→ **MATERIAL SUPPLIED**
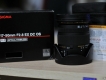 SIGMA 17-50 F2.8 for Nikon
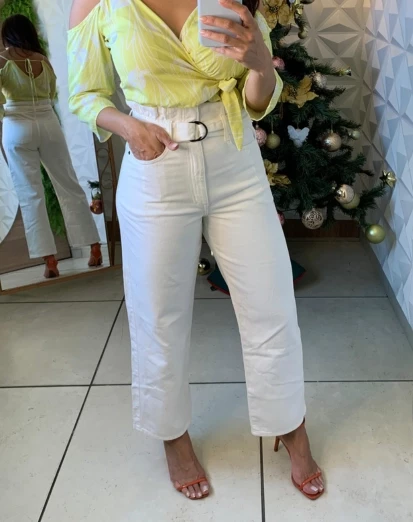 Calça H9DR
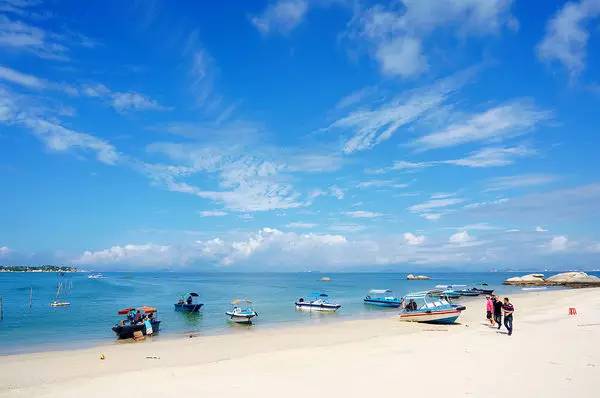 深圳及周邊最值得去的17個海灘，別只知道去大小梅沙啦！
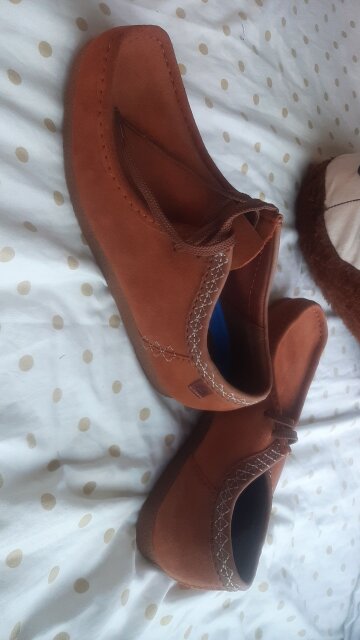 Size 10 Clarke's Shoes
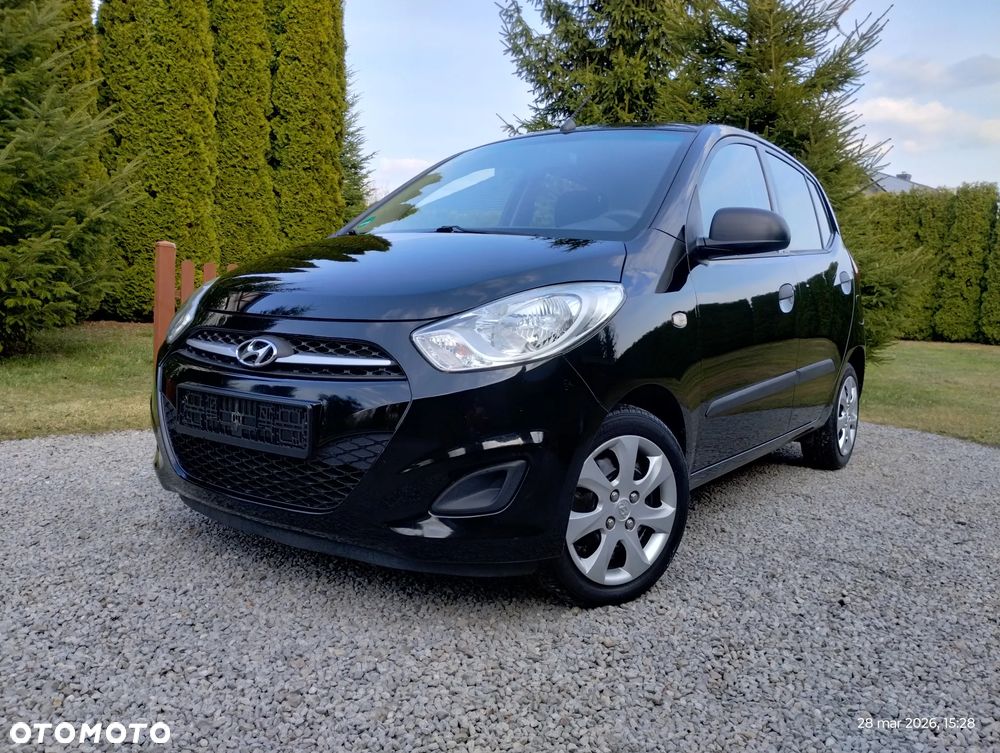 Hyundai i10 1.1 Edition 20 - 4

→ **WORK INSTRUCTION**
Leave the images out and print each entry exactly.

→ **ANSWER FOR THE TASK**
 SIGMA 17-50 F2.8 for Nikon
 Calça H9DR
 深圳及周邊最值得去的17個海灘，別只知道去大小梅沙啦！
 Size 10 Clarke's Shoes
 Hyundai i10 1.1 Edition 20 - 4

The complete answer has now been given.